Before WILKINS, C. J., and WHITTEMORE, CUTTER, KIRK and REARDON, JJ.

KIRK, Justice.

These are actions of tort based on negligence for personal injuries to Mrs. Shirley Campbell and to her children, Benjamin and Stephen, and for the conscious suffering and death of her child Patricia in a fire on February 18, 1958, in an apartment building owned by the defendant Romanos at 561 Columbus Avenue, Boston, where Mrs. Campbell was a tenant. The other defendant, Walker, was the janitor of the building at and before the time of the fire. There were verdicts for the plaintiffs on all counts which were submitted to the jury. The case comes to us on the defendants' exceptions to the denial of motions for directed verdicts, to rulings on evidence, and to certain instructions given to the jury.

We summarize the evidence in the aspect most favorable to the plaintiffs. Howes v. Kelman, 326 Mass. 696, 697, 96 N.E.2d 394. Mrs. Campbell became a tenant of Romanos on January 2, 1958. Altogether there were nine apartments in the building.
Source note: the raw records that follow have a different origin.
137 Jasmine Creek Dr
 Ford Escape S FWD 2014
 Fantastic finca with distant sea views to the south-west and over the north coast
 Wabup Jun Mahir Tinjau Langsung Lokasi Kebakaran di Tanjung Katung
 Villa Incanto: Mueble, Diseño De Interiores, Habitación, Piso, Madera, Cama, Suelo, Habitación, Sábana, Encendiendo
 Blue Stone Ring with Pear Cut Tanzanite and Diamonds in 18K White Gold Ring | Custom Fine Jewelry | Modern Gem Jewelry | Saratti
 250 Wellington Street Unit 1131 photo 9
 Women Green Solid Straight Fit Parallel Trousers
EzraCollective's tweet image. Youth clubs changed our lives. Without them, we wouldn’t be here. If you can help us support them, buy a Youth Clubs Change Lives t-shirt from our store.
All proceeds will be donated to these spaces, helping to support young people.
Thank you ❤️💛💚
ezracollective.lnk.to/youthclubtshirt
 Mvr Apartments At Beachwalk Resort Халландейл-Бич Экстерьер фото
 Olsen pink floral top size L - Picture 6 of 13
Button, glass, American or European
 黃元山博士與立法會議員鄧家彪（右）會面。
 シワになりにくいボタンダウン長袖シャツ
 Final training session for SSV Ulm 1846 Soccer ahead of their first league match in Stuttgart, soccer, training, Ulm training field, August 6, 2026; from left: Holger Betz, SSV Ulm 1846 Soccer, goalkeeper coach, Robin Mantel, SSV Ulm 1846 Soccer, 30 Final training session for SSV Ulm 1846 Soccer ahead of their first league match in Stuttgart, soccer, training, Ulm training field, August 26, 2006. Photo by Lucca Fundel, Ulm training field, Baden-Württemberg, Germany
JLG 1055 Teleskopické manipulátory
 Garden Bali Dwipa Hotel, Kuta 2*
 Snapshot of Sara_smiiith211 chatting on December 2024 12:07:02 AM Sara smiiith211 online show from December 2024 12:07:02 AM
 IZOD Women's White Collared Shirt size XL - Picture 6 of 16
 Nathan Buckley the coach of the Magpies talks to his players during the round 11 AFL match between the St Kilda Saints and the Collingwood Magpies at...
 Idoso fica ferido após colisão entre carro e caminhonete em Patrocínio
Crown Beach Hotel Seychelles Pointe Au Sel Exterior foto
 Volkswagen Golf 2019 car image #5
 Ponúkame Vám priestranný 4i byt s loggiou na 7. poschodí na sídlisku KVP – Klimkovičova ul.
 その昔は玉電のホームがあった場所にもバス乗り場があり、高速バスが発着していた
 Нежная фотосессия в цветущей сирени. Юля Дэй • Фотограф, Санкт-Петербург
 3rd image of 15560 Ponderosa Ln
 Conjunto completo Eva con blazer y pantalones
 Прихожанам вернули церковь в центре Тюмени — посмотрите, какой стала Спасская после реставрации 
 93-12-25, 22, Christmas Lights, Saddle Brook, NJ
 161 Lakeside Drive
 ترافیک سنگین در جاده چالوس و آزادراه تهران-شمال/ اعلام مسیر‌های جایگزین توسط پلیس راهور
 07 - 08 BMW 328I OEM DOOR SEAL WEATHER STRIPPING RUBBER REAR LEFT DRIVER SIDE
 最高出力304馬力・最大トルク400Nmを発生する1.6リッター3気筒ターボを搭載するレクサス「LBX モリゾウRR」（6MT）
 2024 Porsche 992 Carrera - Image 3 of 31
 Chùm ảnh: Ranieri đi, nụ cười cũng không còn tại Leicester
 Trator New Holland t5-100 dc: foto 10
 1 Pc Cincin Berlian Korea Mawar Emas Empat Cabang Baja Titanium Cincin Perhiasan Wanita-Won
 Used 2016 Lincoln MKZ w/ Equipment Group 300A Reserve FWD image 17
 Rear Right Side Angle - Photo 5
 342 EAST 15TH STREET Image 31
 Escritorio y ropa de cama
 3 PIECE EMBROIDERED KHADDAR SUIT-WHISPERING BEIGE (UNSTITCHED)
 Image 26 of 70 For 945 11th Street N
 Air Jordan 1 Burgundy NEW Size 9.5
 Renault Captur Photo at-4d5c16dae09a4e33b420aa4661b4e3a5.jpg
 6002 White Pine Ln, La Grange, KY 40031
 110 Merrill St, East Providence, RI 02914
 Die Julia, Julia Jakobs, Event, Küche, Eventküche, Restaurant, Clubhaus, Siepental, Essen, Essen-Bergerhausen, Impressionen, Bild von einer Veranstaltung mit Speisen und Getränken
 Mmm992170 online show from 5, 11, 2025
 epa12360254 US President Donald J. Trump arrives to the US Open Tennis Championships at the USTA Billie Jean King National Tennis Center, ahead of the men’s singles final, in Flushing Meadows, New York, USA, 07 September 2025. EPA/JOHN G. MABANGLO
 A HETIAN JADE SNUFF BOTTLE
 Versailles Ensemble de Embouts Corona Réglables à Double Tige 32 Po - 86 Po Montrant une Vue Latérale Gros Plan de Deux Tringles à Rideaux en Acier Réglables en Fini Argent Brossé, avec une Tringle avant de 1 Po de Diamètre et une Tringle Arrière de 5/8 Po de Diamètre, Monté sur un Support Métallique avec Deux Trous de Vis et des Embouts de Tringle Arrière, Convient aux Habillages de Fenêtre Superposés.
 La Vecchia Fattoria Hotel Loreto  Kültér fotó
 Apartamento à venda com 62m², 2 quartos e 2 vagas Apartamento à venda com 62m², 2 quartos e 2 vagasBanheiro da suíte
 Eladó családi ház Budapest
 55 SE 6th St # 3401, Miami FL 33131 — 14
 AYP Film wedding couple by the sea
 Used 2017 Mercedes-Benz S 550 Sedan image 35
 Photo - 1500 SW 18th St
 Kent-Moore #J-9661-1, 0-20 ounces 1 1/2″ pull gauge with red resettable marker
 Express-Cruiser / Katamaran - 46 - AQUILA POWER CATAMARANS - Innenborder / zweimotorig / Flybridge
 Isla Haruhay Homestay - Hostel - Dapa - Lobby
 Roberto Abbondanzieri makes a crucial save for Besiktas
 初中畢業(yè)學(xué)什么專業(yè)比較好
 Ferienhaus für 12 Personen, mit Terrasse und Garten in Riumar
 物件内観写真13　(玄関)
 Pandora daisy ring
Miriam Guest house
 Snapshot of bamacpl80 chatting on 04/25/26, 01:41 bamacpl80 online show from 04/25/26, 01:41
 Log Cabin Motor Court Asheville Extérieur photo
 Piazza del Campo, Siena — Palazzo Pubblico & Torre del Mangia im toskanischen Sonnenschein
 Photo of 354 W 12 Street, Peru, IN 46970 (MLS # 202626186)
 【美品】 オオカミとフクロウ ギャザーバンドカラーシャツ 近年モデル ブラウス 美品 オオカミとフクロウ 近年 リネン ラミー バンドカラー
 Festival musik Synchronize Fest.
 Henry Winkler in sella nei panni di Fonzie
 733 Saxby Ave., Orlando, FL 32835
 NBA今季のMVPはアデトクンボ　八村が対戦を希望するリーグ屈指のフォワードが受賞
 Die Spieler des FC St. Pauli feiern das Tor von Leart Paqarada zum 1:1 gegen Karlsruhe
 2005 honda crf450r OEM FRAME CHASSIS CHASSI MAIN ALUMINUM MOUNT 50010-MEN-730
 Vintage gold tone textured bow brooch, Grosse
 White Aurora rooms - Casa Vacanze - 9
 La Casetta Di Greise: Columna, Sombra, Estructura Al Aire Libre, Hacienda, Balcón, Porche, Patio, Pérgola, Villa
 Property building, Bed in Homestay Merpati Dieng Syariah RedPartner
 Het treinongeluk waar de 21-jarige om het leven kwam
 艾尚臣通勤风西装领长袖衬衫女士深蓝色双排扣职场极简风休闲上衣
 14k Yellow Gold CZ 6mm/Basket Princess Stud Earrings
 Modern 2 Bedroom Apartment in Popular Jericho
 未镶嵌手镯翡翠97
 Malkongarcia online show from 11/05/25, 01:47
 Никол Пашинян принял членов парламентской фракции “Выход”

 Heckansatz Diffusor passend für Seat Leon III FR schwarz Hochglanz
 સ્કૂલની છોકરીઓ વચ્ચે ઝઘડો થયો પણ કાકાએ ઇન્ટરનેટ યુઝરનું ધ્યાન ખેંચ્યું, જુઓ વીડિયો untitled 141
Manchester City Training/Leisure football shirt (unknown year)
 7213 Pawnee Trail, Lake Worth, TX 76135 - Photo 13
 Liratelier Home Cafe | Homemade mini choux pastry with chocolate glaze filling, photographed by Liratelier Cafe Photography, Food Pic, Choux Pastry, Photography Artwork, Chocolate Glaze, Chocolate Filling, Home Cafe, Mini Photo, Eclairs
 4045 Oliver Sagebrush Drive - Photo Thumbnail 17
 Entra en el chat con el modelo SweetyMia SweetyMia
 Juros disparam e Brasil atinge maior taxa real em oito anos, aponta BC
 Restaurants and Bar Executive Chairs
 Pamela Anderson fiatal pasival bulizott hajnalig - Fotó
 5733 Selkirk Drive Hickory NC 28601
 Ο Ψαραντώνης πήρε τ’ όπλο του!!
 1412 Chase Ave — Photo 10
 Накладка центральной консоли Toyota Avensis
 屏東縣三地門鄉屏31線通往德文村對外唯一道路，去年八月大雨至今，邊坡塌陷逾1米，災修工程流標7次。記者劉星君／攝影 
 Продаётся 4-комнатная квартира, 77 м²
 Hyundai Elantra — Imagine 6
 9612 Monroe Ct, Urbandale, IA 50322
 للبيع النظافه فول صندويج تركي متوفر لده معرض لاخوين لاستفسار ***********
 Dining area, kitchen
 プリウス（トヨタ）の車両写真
The Campbells occupied the front apartment of the two on the top or fifth floor. The stairs and hallways were neat and clean when they moved in. Mrs. Campbell did not see Romanos when she made her first rental payment at his office. Walker told her when the tenancy began to put her trash in the hall outside her door and he would pick it up. (This statement was limited to the defendant Walker.) Other tenants on other floors of the building put their trash out in the hallways and it was regularly and routinely collected, on a daily basis, by Walker. Romanos testified that the hallways of the building were common passageways and that his instructions to Walker were to take care of the property and keep it clean. He was familiar with Walker's routine in removing rubbish from the hallways. He knew that Walker started at the top of the building with a large folding canvas bag, collected the rubbish, proceeded to the floors below, and finally emptied the trash in barrels outside the building. One Steeves who actively managed this building for Romanos testified that it was Walker's job to remove refuse and garbage regularly. Walker himself described the regularity of his procedure in collecting rubbish in all of the hallways.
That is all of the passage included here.